2010 Fiscal Year Annual Research Report
低酸素に対する生体適応反応を利用した再生組織へのin vivo血管誘導法の確立
Project/Area Number |
22300159
|
Research Institution | Shibaura Institute of Technology |
Principal Investigator |
柴田 政廣 芝浦工業大学, システム理工学部, 教授 (60158954)
|
Co-Investigator(Kenkyū-buntansha) |
越阪部 奈緒美 芝浦工業大学, システム理工学部, 准教授 (30554852)
|
Keywords | in vivo / 血管新生 / 微小循環 / 再生医療 / 低酸素 / 生体適応 |
Research Abstract |
組織への栄養供給は,細動脈と細静脈間にある毛細血管で行われるが、この毛細血管血流は周囲組織の酸素状態に関係し、毛細血管上流に位置する細動脈の収縮・拡張により制御されていると考えられている。
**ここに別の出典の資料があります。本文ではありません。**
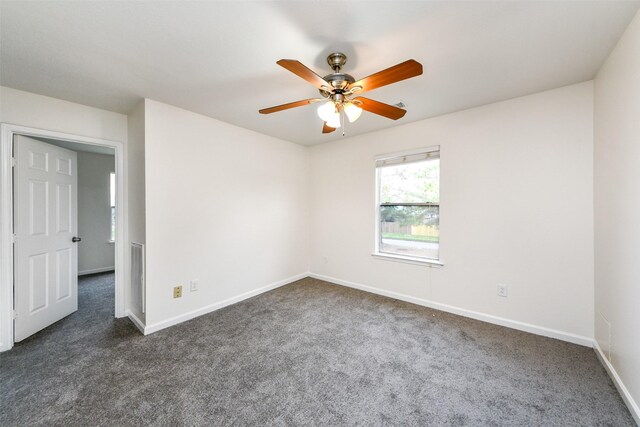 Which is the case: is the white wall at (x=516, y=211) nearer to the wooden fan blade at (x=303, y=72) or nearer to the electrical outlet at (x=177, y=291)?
the wooden fan blade at (x=303, y=72)

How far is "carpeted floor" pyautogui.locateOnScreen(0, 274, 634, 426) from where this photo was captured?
151 cm

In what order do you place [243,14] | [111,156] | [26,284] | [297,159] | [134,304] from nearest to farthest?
[243,14]
[26,284]
[134,304]
[297,159]
[111,156]

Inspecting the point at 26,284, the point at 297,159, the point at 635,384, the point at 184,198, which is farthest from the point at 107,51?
the point at 635,384

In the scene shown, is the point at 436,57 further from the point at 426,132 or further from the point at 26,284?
the point at 26,284

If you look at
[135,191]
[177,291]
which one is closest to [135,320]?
[177,291]

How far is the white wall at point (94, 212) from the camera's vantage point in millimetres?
4570

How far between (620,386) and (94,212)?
7.19 meters

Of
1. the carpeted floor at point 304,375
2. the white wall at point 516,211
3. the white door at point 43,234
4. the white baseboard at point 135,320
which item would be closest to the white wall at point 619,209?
the white wall at point 516,211

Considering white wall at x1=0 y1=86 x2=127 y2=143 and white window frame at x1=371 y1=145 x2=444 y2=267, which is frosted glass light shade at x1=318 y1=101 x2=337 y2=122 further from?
white wall at x1=0 y1=86 x2=127 y2=143

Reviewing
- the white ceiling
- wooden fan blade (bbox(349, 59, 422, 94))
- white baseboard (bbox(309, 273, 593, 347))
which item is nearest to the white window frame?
white baseboard (bbox(309, 273, 593, 347))

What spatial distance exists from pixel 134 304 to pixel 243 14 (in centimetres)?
304

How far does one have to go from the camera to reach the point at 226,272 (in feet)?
Result: 10.4

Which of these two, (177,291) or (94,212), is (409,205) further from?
(94,212)

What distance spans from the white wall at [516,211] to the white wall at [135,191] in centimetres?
291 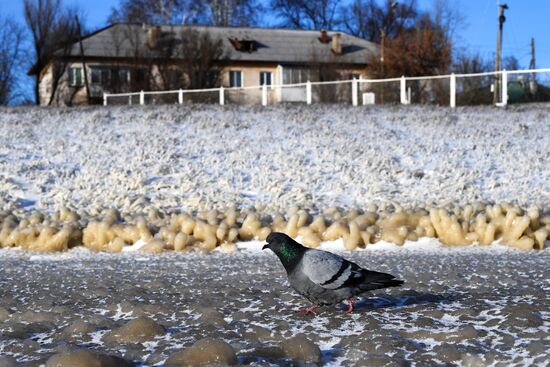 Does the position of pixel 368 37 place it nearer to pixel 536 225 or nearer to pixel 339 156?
pixel 339 156

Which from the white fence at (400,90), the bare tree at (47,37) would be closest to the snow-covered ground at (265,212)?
the white fence at (400,90)

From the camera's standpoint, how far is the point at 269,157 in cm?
1105

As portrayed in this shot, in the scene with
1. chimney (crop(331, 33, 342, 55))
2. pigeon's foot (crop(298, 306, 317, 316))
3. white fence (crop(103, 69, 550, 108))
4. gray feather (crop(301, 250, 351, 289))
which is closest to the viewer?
gray feather (crop(301, 250, 351, 289))

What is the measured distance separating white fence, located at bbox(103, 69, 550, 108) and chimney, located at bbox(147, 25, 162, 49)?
18065 millimetres

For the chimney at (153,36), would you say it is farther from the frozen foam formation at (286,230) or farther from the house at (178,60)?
the frozen foam formation at (286,230)

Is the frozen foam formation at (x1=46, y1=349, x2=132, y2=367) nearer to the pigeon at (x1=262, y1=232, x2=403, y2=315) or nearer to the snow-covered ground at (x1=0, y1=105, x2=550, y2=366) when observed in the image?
the snow-covered ground at (x1=0, y1=105, x2=550, y2=366)

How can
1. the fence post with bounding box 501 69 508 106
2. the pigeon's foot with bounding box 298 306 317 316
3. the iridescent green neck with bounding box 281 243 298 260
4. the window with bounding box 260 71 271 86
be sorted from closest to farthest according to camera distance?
the iridescent green neck with bounding box 281 243 298 260 → the pigeon's foot with bounding box 298 306 317 316 → the fence post with bounding box 501 69 508 106 → the window with bounding box 260 71 271 86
本研究では、動物実験により生体顕微鏡下に微小循環を直接観察し、この組織の酸素環境(組織酸素分圧)と毛細血管血流の関係を詳細に調べ検討することにより、再生組織への効率的な酸素供給を行うための最適酸素環境の決定を試みた。初年度はまず、急性時での組織酸素環境と毛細血管血流の関連を詳細に調べた。家兎の大腿に位置する骨格筋tenuissimus muscleを対象に、生体顕微鏡下で筋組織の酸素分圧を変化させたときの毛細血管赤血球速度と開存毛細血管数(実際に血流の存在する血管数)を計測した。筋組織酸素分圧の調節は酸素・窒素・炭酸ガスで泡気し任意の酸素分圧に保ったタイロード溶液(pH:7.3,37℃)で筋表面を灌流することにより行った。毛細血管血流はTVカメラ接続の生体顕微鏡を介し動画として録画し、再生画像から赤血球速度と開存毛細血管数を求めた。毛細血管赤血球速度と開存毛細血管数は筋組織酸素分圧に大きく依存することが明らかになった。毛細血管赤血球速度、開存毛細血管数ともに筋組織が低酸素状態では高値を示し、酸素分圧の上昇に従い低くな、最終的には血流が停止することが明らかになった。本結果によると、急性時において組織へ多くの酸素を供給するためには筋組織を低酸素環境にすることが望ましいと考えられる。